On Sun, Dec 14, 2014 at 9:57 PM, Dave Jones <davej@xxxxxxxxxx> wrote:
>
> We had a flashback to that old bug last month too.
> See this mail & your followup. : https://lkml.org/lkml/2014/11/25/1171
> That was during a bisect though, so may have been something
> entirely different, but it is a spooky coincidence.

Yeah, there's something funny going on there.

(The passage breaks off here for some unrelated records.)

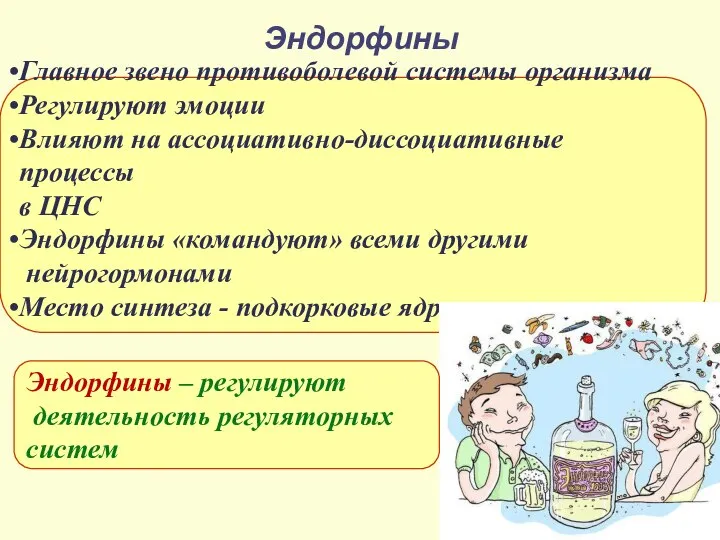 Эндорфины Главное звено противоболевой системы организма Регулируют эмоции Влияют на ассоциативно-диссоциативные процессы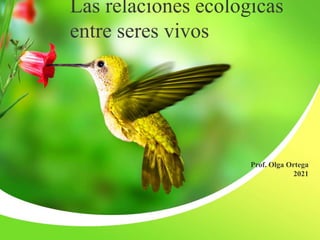 Las relaciones ecologicas
entre seres vivos
Prof. Olga Ortega
2021
 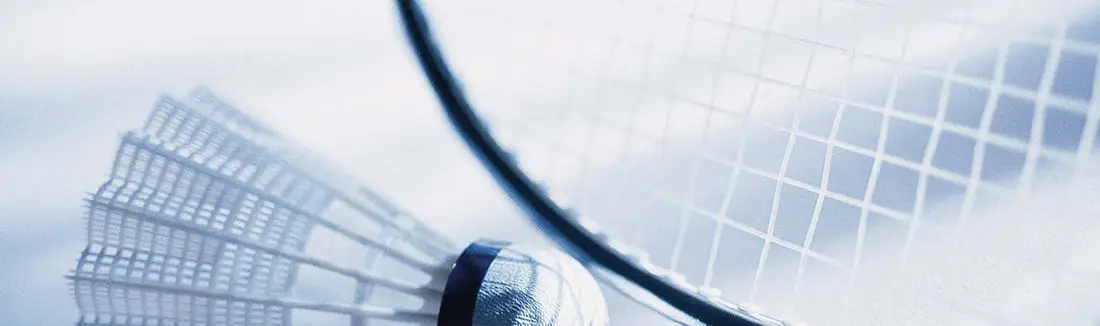 Cedars Badminton Club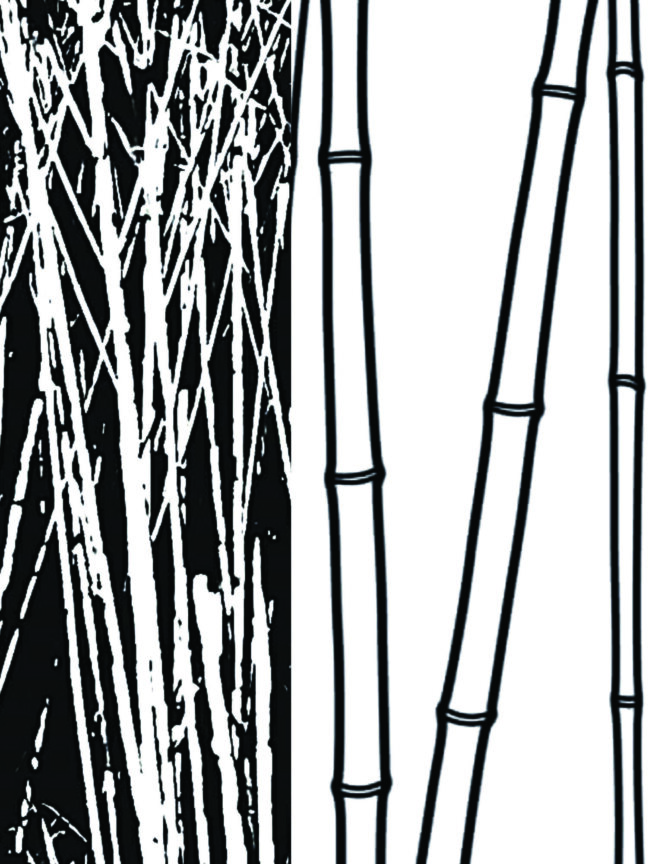 Reeds in black and white drawing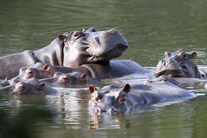Pablo Escobar's Hippos Are Now a Threat to Columbia's Environment. Here's Why Scientists Want to Cull Them Pablo Escobar's Hippos Are Now a Threat to Columbia's Environment. Here's Why Scientists Want to Cull Them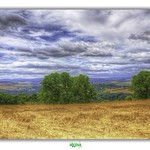 ABORDS DU LIVRADOIS / VALLLEE DE L'ALLIER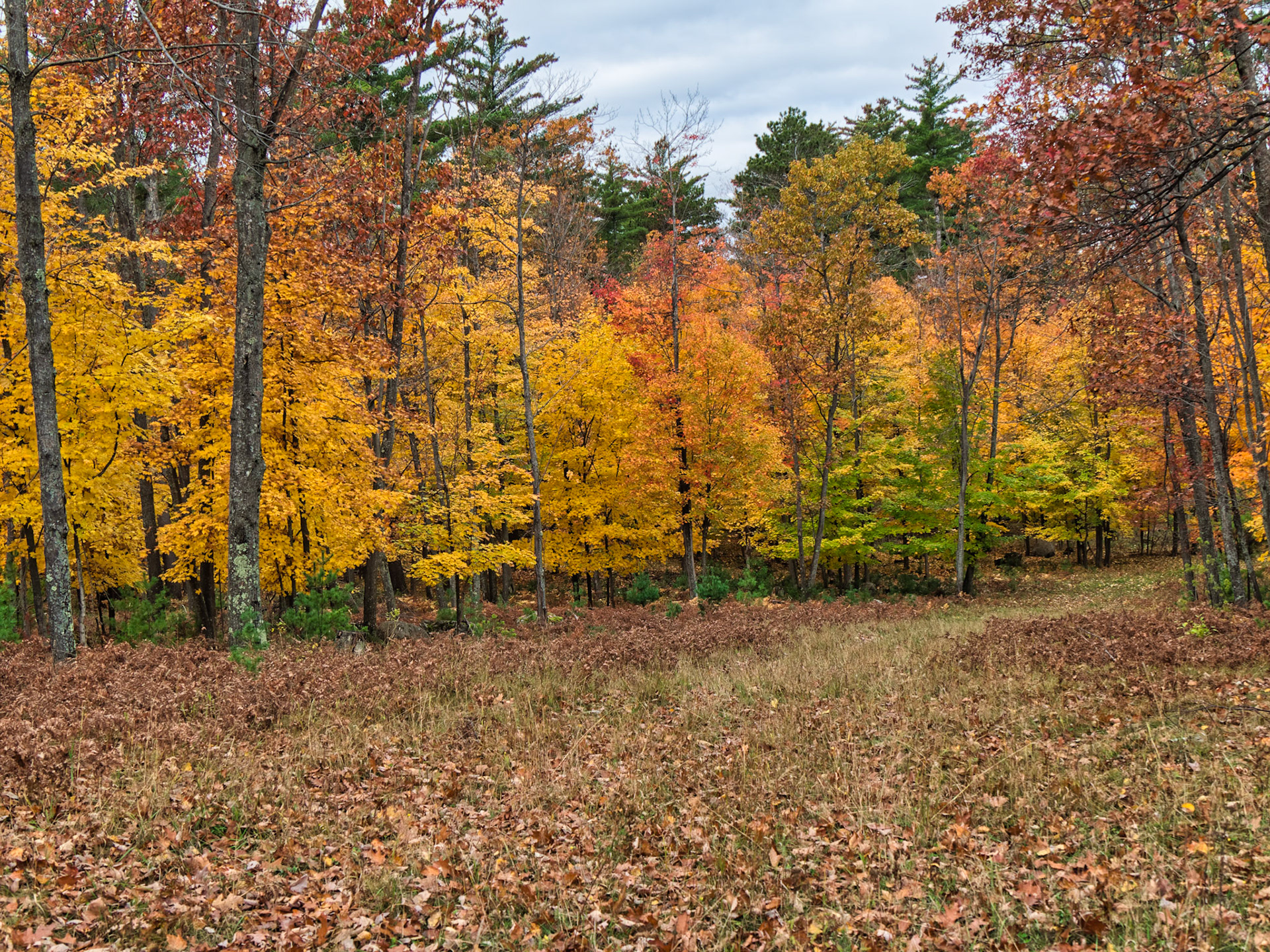 WI Fence 00047
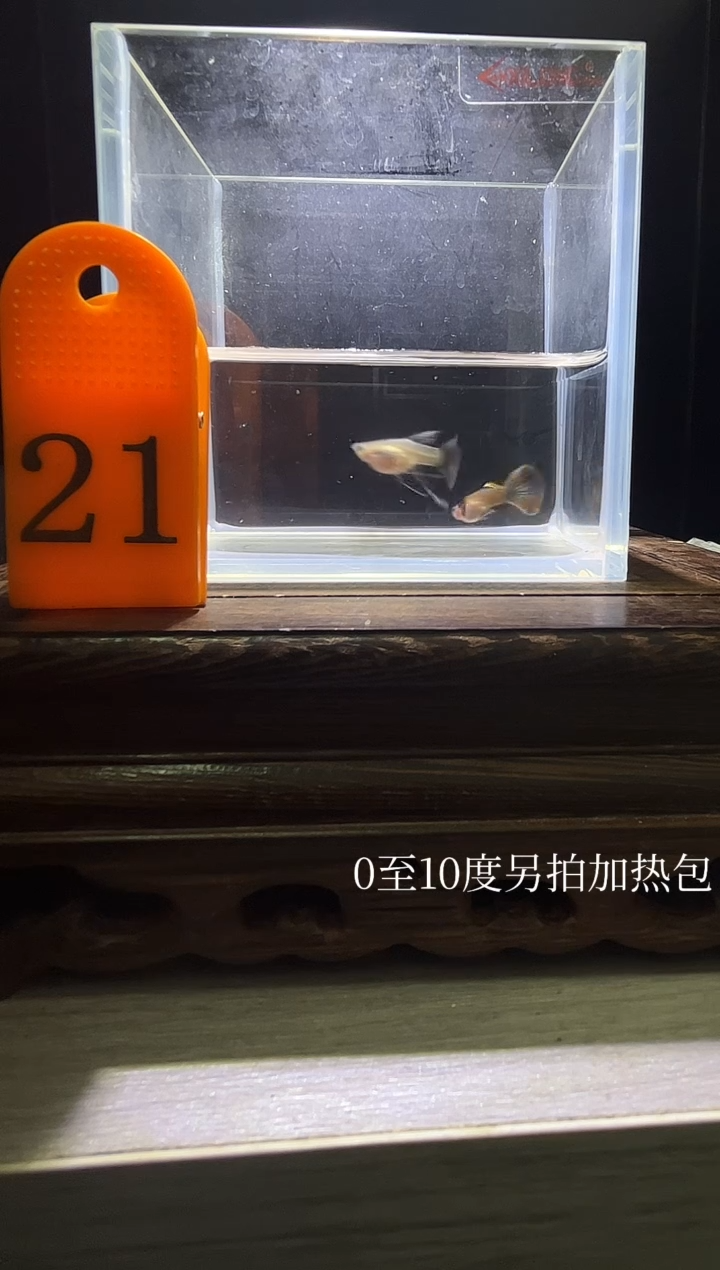 孔雀鱼红龙玻璃猫短C编号21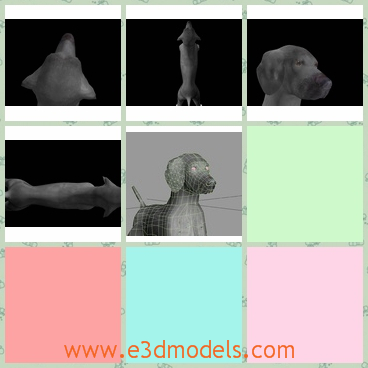 3d model the cute puppy - This is a 3d model of the cute puppy,which is lovely and made in high quality.The model is the traditional type.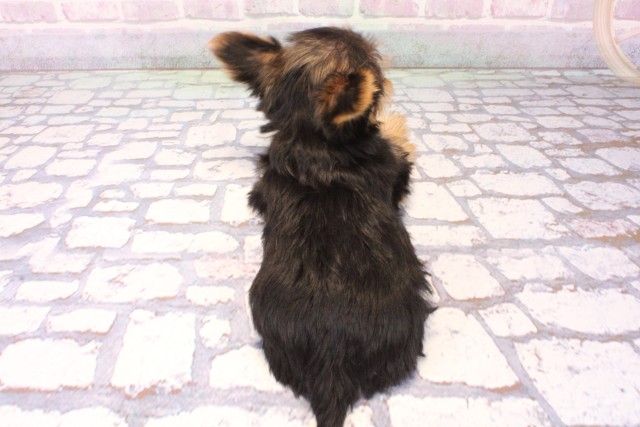 和歌山県のヨークシャーテリア (Coo&RIKU和歌山店/2025年10月9日生まれ/女の子/スチールブルータン)の子犬の4枚目の画像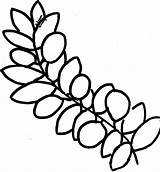 Tree Branch Coloring Page Easy Drawing Guides  Vrogueco sketch template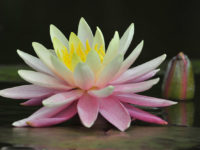 nymphaea-sunny-pink
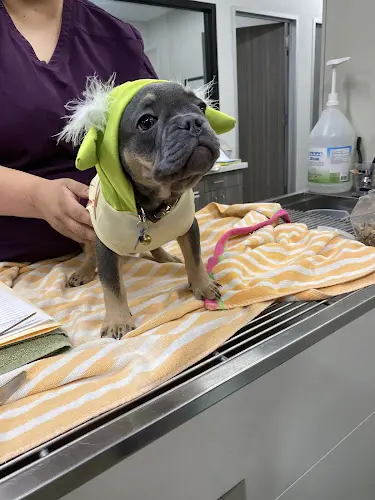 Pet vet Sunnyside Pet Hospital Fresno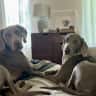 House sit pet parent - House/Pet sitter needed in Dallas, Texas!
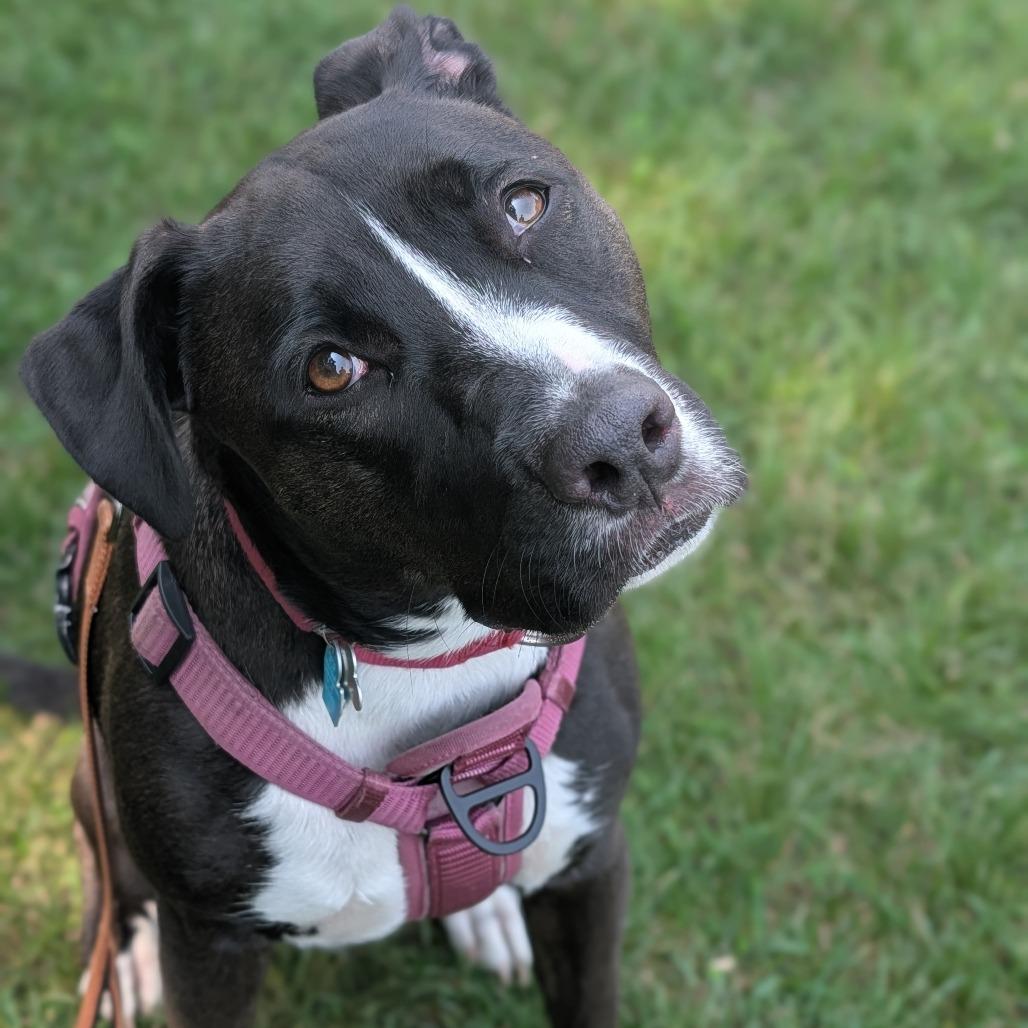 Enlarge Oreo, a ADOPTABLE mixed breed in Fenton, MI image 3/3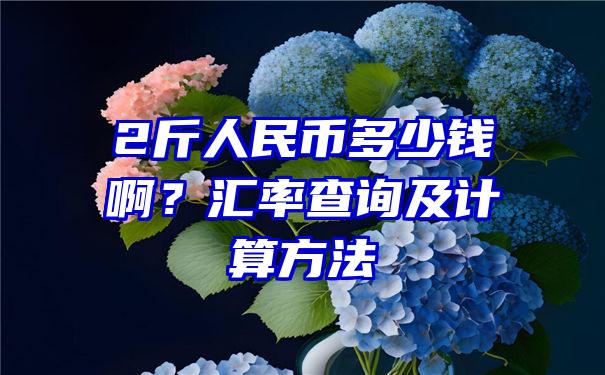 2斤人民币多少钱啊？汇率查询及计算方法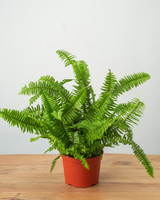 Kimberly Queen Fern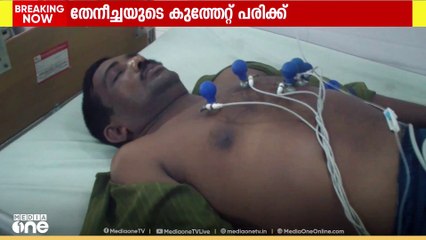 മലപ്പുറം എടക്കരയിൽ തേനീച്ചയുടെ കുത്തേറ്റ് മൂന്ന് തൊഴിലാളികൾക്ക് പരിക്ക്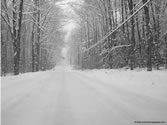 Outdoors 014 - During snow storm on 2/07/2003 - Harwinton, CT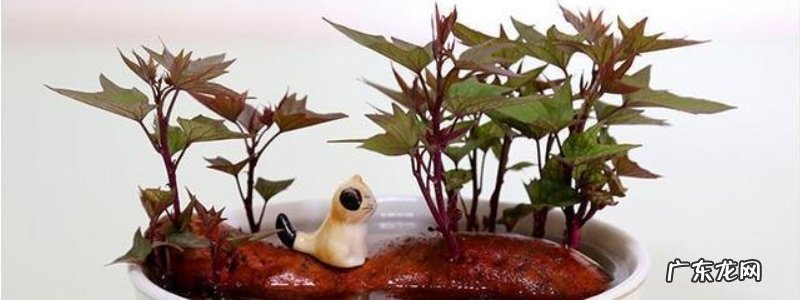 盆栽红薯水培方法，有哪些要点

Anyway, I've looked at the page fault patch, and I mentioned this last
time it came up: there's a nasty possible kernel loop in the "retry"
case if there's also a fatal signal pending, and we're returning to
kernel mode rather than returning to user mode.

If we return to user mode, the return will handle signals, and we'll
kill the process due to the fatal pending signal and everything is
fine.

But if we're returning to kernel mode, we'll just take the page fault
again. And again. And again. Until the condition that caused the retry
is finally cleared.

Now, normally finishing IO on the page or whatever should get things
done, but whatever. Us busy-looping on it in kernel space might end up
delaying that too forever.

So let's just fix it. Here's a completely untested patch. It looks
bigger than it really is: it moves the "up_read()" up a bit in
__do_page_fault(), so that all the logic is saner. This is "tested" in
the sense that I am running a kernel with this patch, but I could
easily have screwed up some fault handling case.

Anyway, at least CPU1 in your traces was actually going through that
__lock_page_or_retry() code that could trigger this, so...

Linus
arch/x86/mm/fault.c | 65 +++++++++++++++++++++++++----------------------------
1 file changed, 30 insertions(+), 35 deletions(-)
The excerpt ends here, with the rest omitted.